● About this task: Everything in the listing below from the line containing "Ultherapy® Prime Image 3" through the line containing "periodontitis-nasıl-tedavi-edilir" must be repeated exactly; the remaining lines are not wanted.
***** Records supplied
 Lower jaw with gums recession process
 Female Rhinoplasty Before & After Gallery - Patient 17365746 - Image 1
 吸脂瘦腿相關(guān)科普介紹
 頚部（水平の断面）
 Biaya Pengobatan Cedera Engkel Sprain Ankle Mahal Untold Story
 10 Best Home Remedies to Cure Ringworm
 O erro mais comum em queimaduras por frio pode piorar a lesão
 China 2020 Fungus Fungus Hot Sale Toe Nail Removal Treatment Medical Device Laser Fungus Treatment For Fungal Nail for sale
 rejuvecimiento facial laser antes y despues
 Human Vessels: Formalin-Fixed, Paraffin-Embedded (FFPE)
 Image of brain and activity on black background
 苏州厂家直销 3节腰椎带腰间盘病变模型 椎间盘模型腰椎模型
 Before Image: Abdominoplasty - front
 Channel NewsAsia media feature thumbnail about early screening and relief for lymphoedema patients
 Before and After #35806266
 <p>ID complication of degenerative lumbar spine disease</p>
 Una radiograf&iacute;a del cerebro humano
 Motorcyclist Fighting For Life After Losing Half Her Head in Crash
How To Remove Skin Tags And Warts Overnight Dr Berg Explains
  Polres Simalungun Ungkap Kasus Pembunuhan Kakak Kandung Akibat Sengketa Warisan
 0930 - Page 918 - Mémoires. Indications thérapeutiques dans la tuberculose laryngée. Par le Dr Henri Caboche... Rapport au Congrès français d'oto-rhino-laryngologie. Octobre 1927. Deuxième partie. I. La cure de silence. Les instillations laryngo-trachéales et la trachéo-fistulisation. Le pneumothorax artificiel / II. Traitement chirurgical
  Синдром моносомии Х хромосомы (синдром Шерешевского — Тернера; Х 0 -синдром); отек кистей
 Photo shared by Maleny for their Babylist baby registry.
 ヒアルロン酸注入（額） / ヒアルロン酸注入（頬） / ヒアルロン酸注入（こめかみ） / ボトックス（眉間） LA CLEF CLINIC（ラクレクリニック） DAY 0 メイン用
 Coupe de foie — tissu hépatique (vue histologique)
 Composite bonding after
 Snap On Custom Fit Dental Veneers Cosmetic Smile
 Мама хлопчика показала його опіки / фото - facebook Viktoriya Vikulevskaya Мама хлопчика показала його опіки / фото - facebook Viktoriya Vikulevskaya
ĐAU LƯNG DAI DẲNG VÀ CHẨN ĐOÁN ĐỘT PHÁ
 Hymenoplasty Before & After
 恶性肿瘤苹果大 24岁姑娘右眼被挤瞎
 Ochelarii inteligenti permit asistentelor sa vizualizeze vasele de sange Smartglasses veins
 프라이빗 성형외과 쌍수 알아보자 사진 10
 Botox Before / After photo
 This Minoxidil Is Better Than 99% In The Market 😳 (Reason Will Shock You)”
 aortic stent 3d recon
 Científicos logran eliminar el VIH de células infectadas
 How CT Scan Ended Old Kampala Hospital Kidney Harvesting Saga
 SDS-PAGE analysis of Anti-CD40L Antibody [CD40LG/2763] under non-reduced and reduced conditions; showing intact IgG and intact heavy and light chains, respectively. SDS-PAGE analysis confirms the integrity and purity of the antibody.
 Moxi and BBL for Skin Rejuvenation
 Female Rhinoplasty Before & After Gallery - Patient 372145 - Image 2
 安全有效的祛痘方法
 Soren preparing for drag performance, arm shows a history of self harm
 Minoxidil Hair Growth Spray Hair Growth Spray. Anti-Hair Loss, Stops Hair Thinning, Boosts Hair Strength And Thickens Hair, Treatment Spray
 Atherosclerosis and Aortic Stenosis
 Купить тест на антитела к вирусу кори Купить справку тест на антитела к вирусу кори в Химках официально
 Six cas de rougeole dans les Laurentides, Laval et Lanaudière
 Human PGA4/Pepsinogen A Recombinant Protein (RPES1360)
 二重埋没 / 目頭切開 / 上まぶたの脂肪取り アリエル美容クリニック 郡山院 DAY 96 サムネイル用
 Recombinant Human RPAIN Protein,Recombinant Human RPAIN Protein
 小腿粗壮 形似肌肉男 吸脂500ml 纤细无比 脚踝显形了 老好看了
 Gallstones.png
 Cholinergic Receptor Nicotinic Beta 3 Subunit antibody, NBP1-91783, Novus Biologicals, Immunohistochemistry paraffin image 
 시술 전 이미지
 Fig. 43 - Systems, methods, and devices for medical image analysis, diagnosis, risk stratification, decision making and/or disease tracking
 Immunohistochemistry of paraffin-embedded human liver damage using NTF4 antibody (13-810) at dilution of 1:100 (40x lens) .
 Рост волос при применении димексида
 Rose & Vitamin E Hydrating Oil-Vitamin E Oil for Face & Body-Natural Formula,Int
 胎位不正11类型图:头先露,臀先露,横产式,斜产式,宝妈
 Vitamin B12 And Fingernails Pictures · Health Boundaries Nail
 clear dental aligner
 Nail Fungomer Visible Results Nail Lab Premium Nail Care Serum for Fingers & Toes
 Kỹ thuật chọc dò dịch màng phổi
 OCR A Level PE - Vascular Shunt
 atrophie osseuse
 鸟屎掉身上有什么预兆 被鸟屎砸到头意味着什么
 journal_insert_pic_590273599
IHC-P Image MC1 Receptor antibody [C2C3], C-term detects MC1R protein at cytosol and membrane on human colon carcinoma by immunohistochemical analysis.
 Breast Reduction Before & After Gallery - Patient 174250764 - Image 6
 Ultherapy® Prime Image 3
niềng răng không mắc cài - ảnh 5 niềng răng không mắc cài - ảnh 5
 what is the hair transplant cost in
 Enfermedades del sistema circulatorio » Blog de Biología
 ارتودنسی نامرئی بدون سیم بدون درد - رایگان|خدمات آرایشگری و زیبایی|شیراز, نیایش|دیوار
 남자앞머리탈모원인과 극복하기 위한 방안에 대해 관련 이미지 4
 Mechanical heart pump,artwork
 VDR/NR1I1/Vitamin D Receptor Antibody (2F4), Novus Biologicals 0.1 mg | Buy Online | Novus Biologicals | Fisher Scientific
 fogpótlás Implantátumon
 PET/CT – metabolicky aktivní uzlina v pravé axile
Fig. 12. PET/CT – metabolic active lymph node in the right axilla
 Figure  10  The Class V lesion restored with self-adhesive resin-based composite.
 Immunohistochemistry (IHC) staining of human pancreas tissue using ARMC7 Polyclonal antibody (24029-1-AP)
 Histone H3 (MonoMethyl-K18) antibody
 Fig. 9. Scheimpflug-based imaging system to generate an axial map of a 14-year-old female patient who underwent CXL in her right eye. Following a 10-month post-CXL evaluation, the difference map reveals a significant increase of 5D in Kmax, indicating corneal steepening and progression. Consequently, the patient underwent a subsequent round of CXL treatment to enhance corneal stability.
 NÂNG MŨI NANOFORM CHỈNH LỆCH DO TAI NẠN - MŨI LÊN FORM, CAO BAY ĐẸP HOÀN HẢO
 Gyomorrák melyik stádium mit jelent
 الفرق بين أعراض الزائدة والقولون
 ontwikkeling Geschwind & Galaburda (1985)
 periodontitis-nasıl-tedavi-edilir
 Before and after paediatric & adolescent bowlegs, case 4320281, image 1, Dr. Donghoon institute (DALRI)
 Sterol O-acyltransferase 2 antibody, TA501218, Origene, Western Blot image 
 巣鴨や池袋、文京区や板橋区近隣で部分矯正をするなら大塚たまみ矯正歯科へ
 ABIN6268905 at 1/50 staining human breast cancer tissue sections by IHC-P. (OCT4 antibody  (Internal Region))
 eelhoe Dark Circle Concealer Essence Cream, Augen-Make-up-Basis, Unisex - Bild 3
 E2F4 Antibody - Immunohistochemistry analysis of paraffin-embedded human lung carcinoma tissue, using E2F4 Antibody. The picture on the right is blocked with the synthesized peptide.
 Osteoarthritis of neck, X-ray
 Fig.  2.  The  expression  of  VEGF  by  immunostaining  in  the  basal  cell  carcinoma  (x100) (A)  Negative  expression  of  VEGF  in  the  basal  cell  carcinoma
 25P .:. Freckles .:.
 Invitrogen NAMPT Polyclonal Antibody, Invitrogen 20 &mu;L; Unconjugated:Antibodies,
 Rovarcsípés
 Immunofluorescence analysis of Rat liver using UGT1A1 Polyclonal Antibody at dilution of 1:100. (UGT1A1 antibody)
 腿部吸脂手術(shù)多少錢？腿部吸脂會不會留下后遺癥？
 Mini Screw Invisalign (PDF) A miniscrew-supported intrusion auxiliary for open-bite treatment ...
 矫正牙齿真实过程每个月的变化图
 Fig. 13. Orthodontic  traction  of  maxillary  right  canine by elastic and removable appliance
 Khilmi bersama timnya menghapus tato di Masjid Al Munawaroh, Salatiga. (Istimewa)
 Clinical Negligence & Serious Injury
**********
● Output:
 Ultherapy® Prime Image 3
niềng răng không mắc cài - ảnh 5 niềng răng không mắc cài - ảnh 5
 what is the hair transplant cost in
 Enfermedades del sistema circulatorio » Blog de Biología
 ارتودنسی نامرئی بدون سیم بدون درد - رایگان|خدمات آرایشگری و زیبایی|شیراز, نیایش|دیوار
 남자앞머리탈모원인과 극복하기 위한 방안에 대해 관련 이미지 4
 Mechanical heart pump,artwork
 VDR/NR1I1/Vitamin D Receptor Antibody (2F4), Novus Biologicals 0.1 mg | Buy Online | Novus Biologicals | Fisher Scientific
 fogpótlás Implantátumon
 PET/CT – metabolicky aktivní uzlina v pravé axile
Fig. 12. PET/CT – metabolic active lymph node in the right axilla
 Figure  10  The Class V lesion restored with self-adhesive resin-based composite.
 Immunohistochemistry (IHC) staining of human pancreas tissue using ARMC7 Polyclonal antibody (24029-1-AP)
 Histone H3 (MonoMethyl-K18) antibody
 Fig. 9. Scheimpflug-based imaging system to generate an axial map of a 14-year-old female patient who underwent CXL in her right eye. Following a 10-month post-CXL evaluation, the difference map reveals a significant increase of 5D in Kmax, indicating corneal steepening and progression. Consequently, the patient underwent a subsequent round of CXL treatment to enhance corneal stability.
 NÂNG MŨI NANOFORM CHỈNH LỆCH DO TAI NẠN - MŨI LÊN FORM, CAO BAY ĐẸP HOÀN HẢO
 Gyomorrák melyik stádium mit jelent
 الفرق بين أعراض الزائدة والقولون
 ontwikkeling Geschwind & Galaburda (1985)
 periodontitis-nasıl-tedavi-edilir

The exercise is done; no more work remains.